What to work on – Every line below should be copied exactly; drop the pictures.

Data shown –
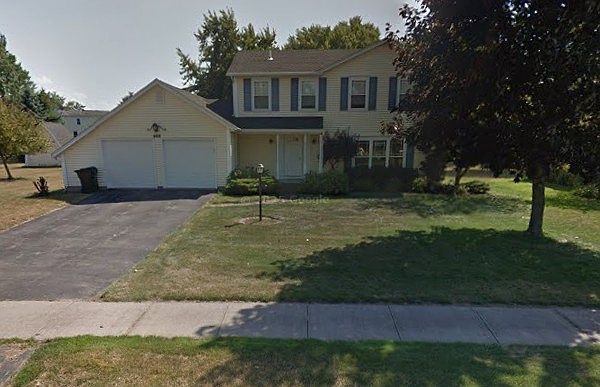 1st image of 465 Crosby Ln
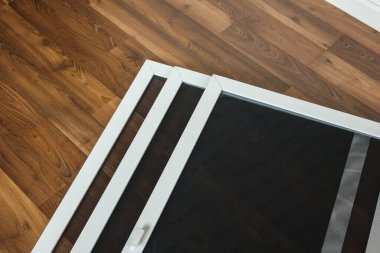 Sivrisinek ağı pencere koruması böceğe karşı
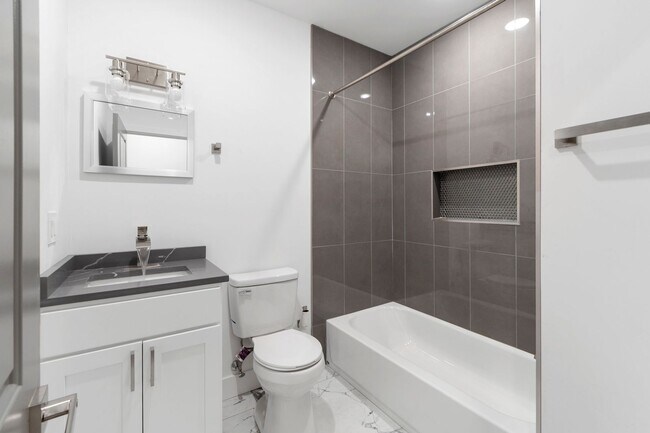 1815 N 33rd St in Philadelphia, PA - Building Photo - Building Photo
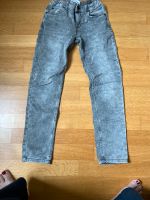 Jeans in Gr. 146 in washed-grau Berlin - Charlottenburg Vorschau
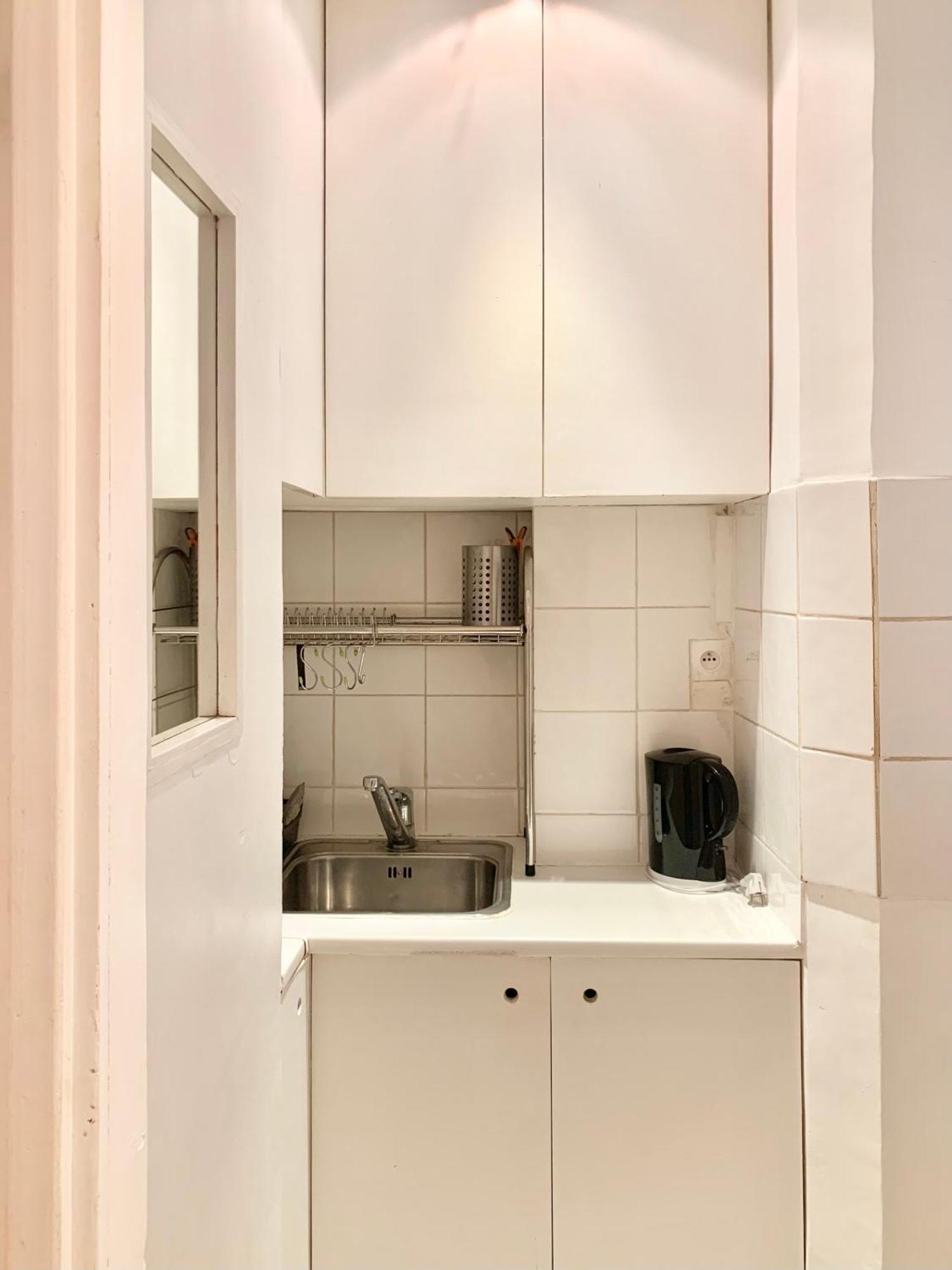 Center Quarter Latin 1 Bedroom *
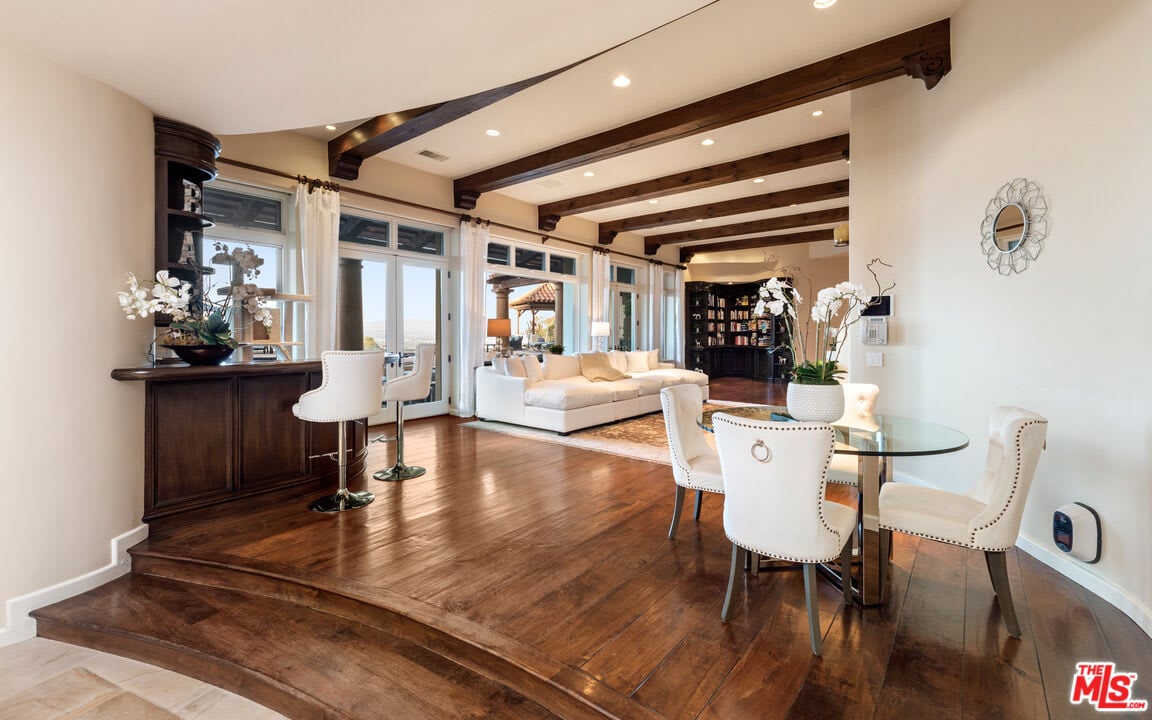 Eminence Heights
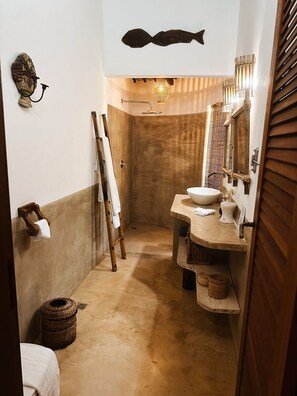 Signature Triple Room (Oxala) | Bathroom | Shower, rainfall showerhead, free toiletries, hair dryer - Villa 2 Santos (Porto Seguro)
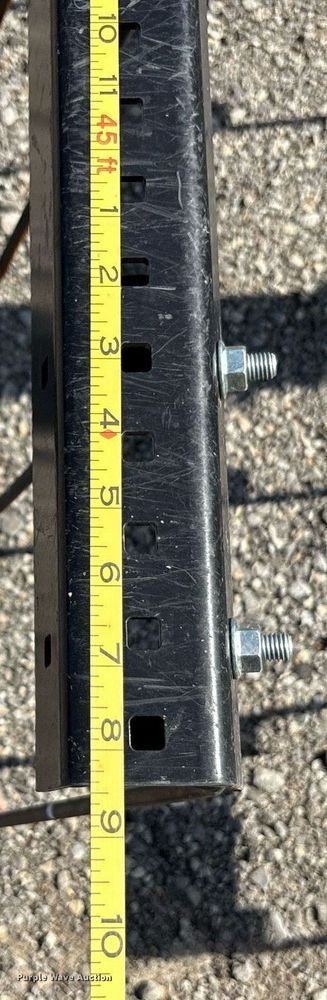 image for item DY0777 2024 John Deere 2230FH field cultivator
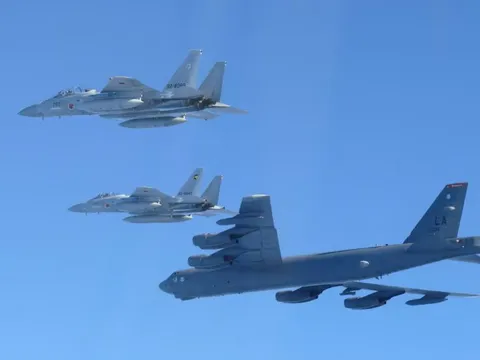 Mỹ điều pháo đài bay B-52 bay qua biển Nhật Bản sau cuộc tập trận Trung - Nga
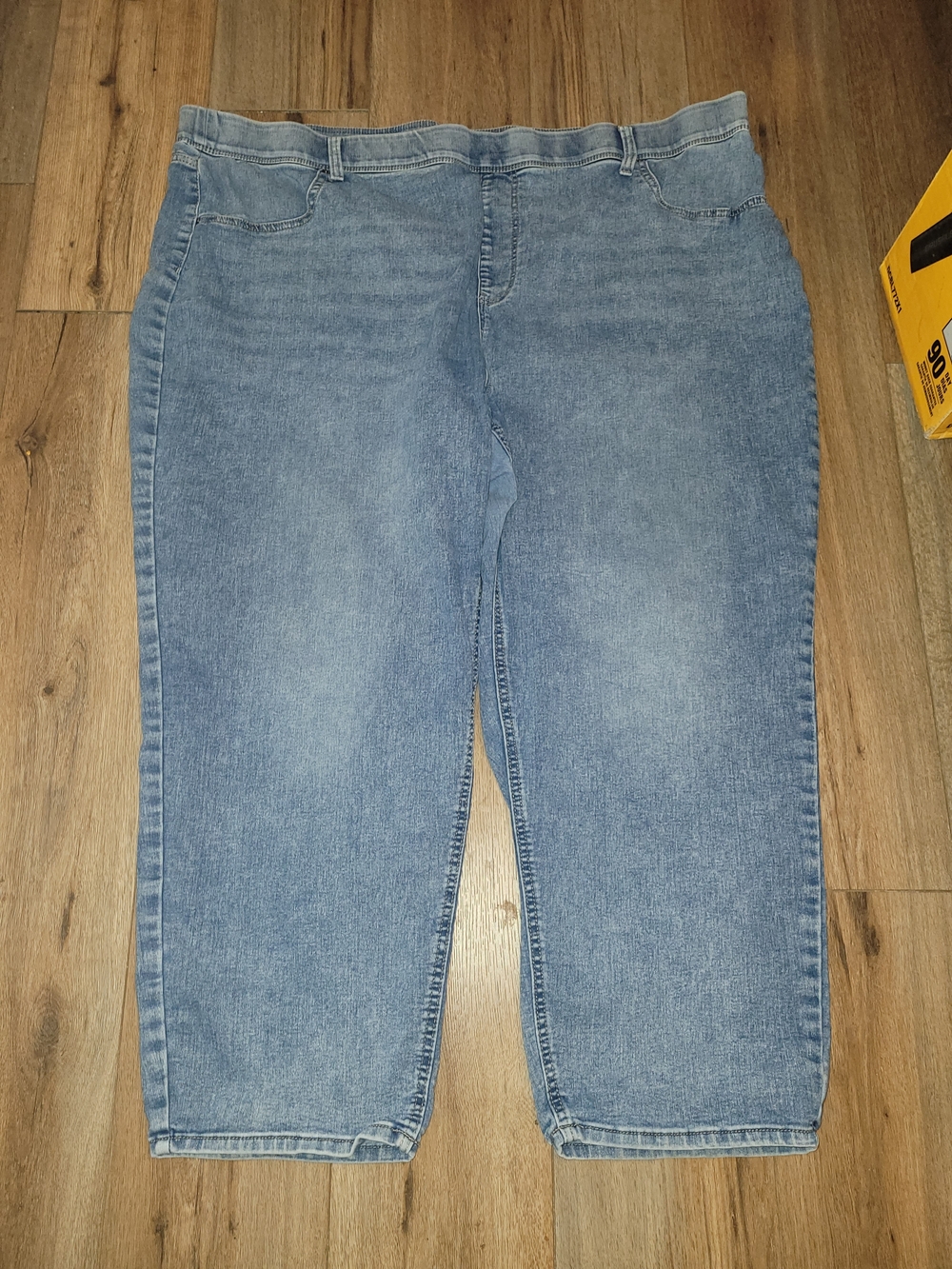 Terra & Sky Light Denim Cropped Jeans - Relaxed Fit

Solution –
 1st image of 465 Crosby Ln
 Sivrisinek ağı pencere koruması böceğe karşı
 1815 N 33rd St in Philadelphia, PA - Building Photo - Building Photo
 Jeans in Gr. 146 in washed-grau Berlin - Charlottenburg Vorschau
 Center Quarter Latin 1 Bedroom *
 Eminence Heights
 Signature Triple Room (Oxala) | Bathroom | Shower, rainfall showerhead, free toiletries, hair dryer - Villa 2 Santos (Porto Seguro)
 image for item DY0777 2024 John Deere 2230FH field cultivator
 Mỹ điều pháo đài bay B-52 bay qua biển Nhật Bản sau cuộc tập trận Trung - Nga
 Terra & Sky Light Denim Cropped Jeans - Relaxed Fit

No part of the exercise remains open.